• **TASK DIRECTIONS**
What comes back must be the data itself, retyped exactly.

• **DATA SHOWN**
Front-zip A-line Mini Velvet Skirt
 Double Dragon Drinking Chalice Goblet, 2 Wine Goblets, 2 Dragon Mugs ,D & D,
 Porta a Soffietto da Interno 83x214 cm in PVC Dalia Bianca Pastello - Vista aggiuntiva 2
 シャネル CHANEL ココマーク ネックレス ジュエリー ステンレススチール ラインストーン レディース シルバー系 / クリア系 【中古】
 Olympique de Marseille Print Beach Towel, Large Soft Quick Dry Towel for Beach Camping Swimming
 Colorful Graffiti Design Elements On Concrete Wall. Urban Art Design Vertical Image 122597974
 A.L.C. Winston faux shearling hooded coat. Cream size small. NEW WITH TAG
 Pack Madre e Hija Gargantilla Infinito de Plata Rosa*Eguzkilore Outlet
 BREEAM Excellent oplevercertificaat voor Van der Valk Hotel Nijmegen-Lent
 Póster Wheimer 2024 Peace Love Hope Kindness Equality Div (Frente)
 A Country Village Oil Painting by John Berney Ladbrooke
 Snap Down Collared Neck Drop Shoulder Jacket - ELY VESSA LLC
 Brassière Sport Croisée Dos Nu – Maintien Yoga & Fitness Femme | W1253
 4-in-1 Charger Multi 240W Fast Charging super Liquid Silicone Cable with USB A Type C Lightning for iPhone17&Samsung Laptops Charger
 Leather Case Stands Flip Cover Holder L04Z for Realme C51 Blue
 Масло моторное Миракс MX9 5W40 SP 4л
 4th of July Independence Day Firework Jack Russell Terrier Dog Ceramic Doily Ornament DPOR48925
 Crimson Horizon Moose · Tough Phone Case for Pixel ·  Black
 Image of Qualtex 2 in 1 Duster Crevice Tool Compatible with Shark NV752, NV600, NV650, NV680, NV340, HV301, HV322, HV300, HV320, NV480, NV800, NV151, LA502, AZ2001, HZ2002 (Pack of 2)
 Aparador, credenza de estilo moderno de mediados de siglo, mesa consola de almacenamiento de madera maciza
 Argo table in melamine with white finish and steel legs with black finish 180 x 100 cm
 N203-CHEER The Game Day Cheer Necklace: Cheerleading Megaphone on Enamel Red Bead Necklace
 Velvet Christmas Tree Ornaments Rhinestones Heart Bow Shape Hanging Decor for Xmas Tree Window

• **ANSWER BOX**
Front-zip A-line Mini Velvet Skirt
 Double Dragon Drinking Chalice Goblet, 2 Wine Goblets, 2 Dragon Mugs ,D & D,
 Porta a Soffietto da Interno 83x214 cm in PVC Dalia Bianca Pastello - Vista aggiuntiva 2
 シャネル CHANEL ココマーク ネックレス ジュエリー ステンレススチール ラインストーン レディース シルバー系 / クリア系 【中古】
 Olympique de Marseille Print Beach Towel, Large Soft Quick Dry Towel for Beach Camping Swimming
 Colorful Graffiti Design Elements On Concrete Wall. Urban Art Design Vertical Image 122597974
 A.L.C. Winston faux shearling hooded coat. Cream size small. NEW WITH TAG
 Pack Madre e Hija Gargantilla Infinito de Plata Rosa*Eguzkilore Outlet
 BREEAM Excellent oplevercertificaat voor Van der Valk Hotel Nijmegen-Lent
 Póster Wheimer 2024 Peace Love Hope Kindness Equality Div (Frente)
 A Country Village Oil Painting by John Berney Ladbrooke
 Snap Down Collared Neck Drop Shoulder Jacket - ELY VESSA LLC
 Brassière Sport Croisée Dos Nu – Maintien Yoga & Fitness Femme | W1253
 4-in-1 Charger Multi 240W Fast Charging super Liquid Silicone Cable with USB A Type C Lightning for iPhone17&Samsung Laptops Charger
 Leather Case Stands Flip Cover Holder L04Z for Realme C51 Blue
 Масло моторное Миракс MX9 5W40 SP 4л
 4th of July Independence Day Firework Jack Russell Terrier Dog Ceramic Doily Ornament DPOR48925
 Crimson Horizon Moose · Tough Phone Case for Pixel ·  Black
 Image of Qualtex 2 in 1 Duster Crevice Tool Compatible with Shark NV752, NV600, NV650, NV680, NV340, HV301, HV322, HV300, HV320, NV480, NV800, NV151, LA502, AZ2001, HZ2002 (Pack of 2)
 Aparador, credenza de estilo moderno de mediados de siglo, mesa consola de almacenamiento de madera maciza
 Argo table in melamine with white finish and steel legs with black finish 180 x 100 cm
 N203-CHEER The Game Day Cheer Necklace: Cheerleading Megaphone on Enamel Red Bead Necklace
 Velvet Christmas Tree Ornaments Rhinestones Heart Bow Shape Hanging Decor for Xmas Tree Window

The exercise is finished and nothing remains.